Coordinating a large cross‑service transaction would hold locks for a much longer time, severely degrading performance and availability.

Consequently microservices adopt the BASE model (Basically Available, Soft state, Eventual consistency) proposed by eBay’s Dan Pritchett. BASE accepts temporary inconsistency and aims for eventual convergence of data across services.

Consistency Patterns for Microservices

Reliable Event Notification – Synchronous

The primary service performs its business logic and, if successful, sends a message to downstream services within the same call. This couples business code with the messaging system.

public void trans() {
    try {
        // 1. Operate the database
        boolean result = dao.update(data); // throws on failure
        // 2. If DB operation succeeds, send a message
        if (result) {
            mq.send(data); // throws on failure
        }
    } catch (Exception e) {
        rollback(); // revert DB changes
    }
}

Two drawbacks:

Network or server failures after the message is sent may leave the primary service unaware of the delivery status, causing inconsistency.

Strong coupling between business logic and the messaging layer reduces resilience and adds load to the database.

Reliable Event Notification – Asynchronous (Local Event Service)

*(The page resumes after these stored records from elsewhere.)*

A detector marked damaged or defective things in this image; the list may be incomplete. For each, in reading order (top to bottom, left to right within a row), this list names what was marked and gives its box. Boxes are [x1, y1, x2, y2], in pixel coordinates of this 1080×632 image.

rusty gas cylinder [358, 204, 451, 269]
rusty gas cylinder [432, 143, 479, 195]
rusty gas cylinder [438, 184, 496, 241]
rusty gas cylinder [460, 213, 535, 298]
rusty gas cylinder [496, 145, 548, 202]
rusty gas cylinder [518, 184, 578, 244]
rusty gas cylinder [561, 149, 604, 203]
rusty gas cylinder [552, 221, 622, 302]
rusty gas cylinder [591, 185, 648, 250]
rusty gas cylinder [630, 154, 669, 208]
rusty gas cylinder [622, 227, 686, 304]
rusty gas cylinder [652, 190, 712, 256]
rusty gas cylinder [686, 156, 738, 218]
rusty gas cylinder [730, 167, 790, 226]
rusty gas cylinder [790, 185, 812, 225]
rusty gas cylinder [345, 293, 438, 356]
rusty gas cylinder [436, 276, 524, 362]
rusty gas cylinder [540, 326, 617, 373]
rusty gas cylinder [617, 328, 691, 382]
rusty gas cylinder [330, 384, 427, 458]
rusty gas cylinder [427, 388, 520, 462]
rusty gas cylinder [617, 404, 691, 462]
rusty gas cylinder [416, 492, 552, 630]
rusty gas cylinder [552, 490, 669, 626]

The primary service writes an event record to a local event table and attempts immediate delivery. If delivery fails, a background worker retries until the event is successfully sent, then removes the record. This decouples the retry logic from the main transaction but still adds write load to the primary database.

Local event service
Local event service

Reliable Event Notification – External Event Service

An independent event service stores events after the primary transaction commits (or rolls back). The primary service notifies the event service, which later delivers or discards the events. The event service also polls for undelivered events and queries the primary service for their status, eliminating direct dependency between business and messaging code.

External event service
External event service

Maximum‑Effort Notification

The primary service attempts to send a message a limited number of times (e.g., three retries). If all attempts fail, the message is dropped and downstream services must provide a query API to recover missing notifications. This approach sacrifices reliability for simplicity and is suitable only for low‑latency, non‑critical notifications.

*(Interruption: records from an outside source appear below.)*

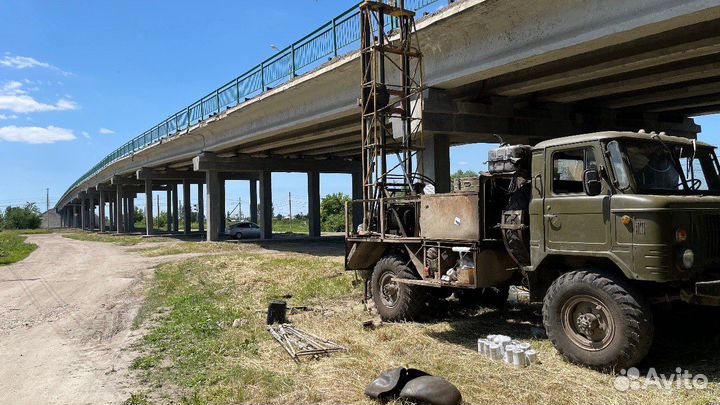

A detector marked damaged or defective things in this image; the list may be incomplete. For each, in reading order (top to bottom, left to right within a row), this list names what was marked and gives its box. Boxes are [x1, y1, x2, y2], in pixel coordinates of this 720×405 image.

rusty metal panel [420, 193, 480, 240] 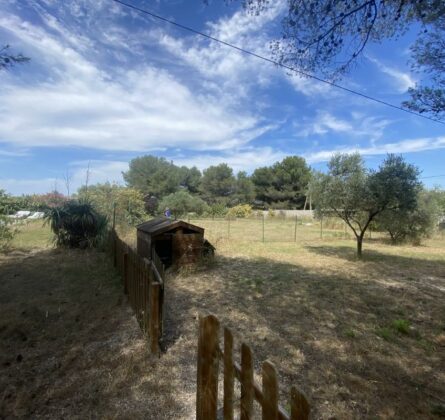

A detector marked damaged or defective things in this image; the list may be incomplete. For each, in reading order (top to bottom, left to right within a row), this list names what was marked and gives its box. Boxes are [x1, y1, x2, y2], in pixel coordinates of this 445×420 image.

rusty metal roof [136, 218, 204, 235] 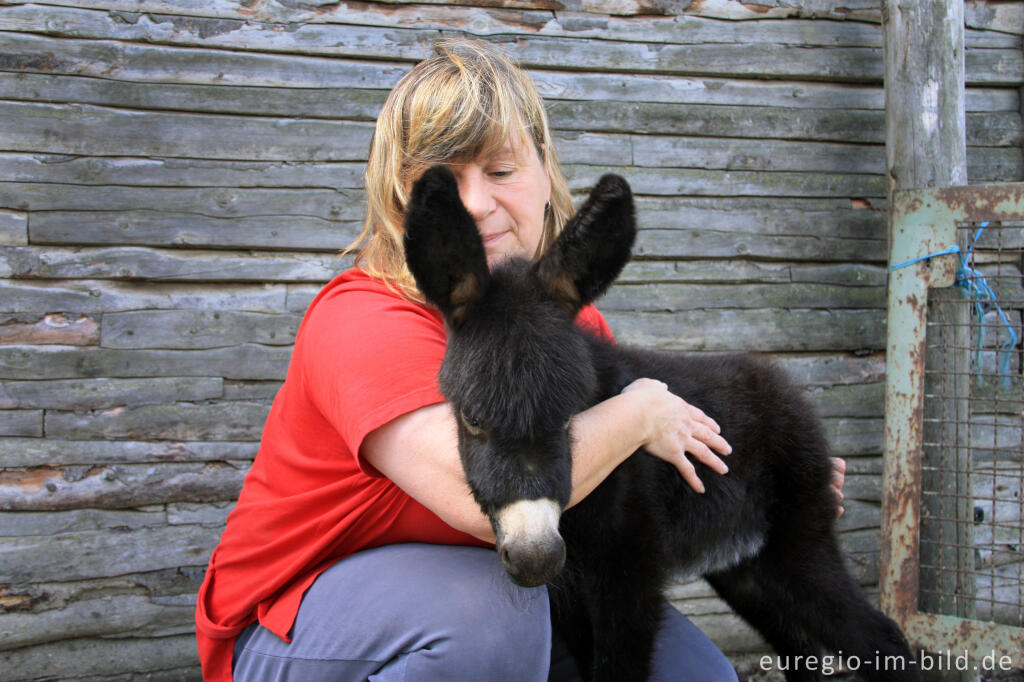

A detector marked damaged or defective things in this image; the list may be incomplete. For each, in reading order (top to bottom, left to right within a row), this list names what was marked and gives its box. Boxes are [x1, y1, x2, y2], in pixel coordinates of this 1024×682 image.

rusty metal gate frame [880, 182, 1024, 663]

Business Compensation Pattern

Each downstream service implements a compensation interface. If a downstream call fails, upstream services invoke the compensation actions to roll back previously completed steps. Compensation is usually logical (e.g., marking a record as “canceled”) rather than physically deleting data.

Try‑Confirm‑Cancel (TCC) Pattern

TCC refines compensation by splitting each operation into three explicit phases:

Try : Validate the request and reserve required resources without making permanent changes.

Confirm : After all participants report successful Try, permanently apply the changes.

Cancel : If any Try fails, release the reserved resources.

Example – transferring $100 from Bank A to Bank B:

// Service A (source bank)
try:   UPDATE cmb_account SET balance=balance-100, freeze=freeze+100 WHERE acc_id=1 AND balance>100;
confirm: UPDATE cmb_account SET freeze=freeze-100 WHERE acc_id=1;
cancel:  UPDATE cmb_account SET balance=balance+100, freeze=freeze-100 WHERE acc_id=1;

// Service B (destination bank)
try:    UPDATE cgb_account SET freeze=freeze+100 WHERE acc_id=1;
confirm: UPDATE cgb_account SET balance=balance+100, freeze=freeze-100 WHERE acc_id=1;
cancel:  UPDATE cgb_account SET freeze=freeze-100 WHERE acc_id=1;

TCC provides strong consistency but requires every service to implement both Confirm and Cancel interfaces, increasing implementation complexity.

Comparison of Patterns

The table below summarizes the main characteristics of the four major consistency approaches.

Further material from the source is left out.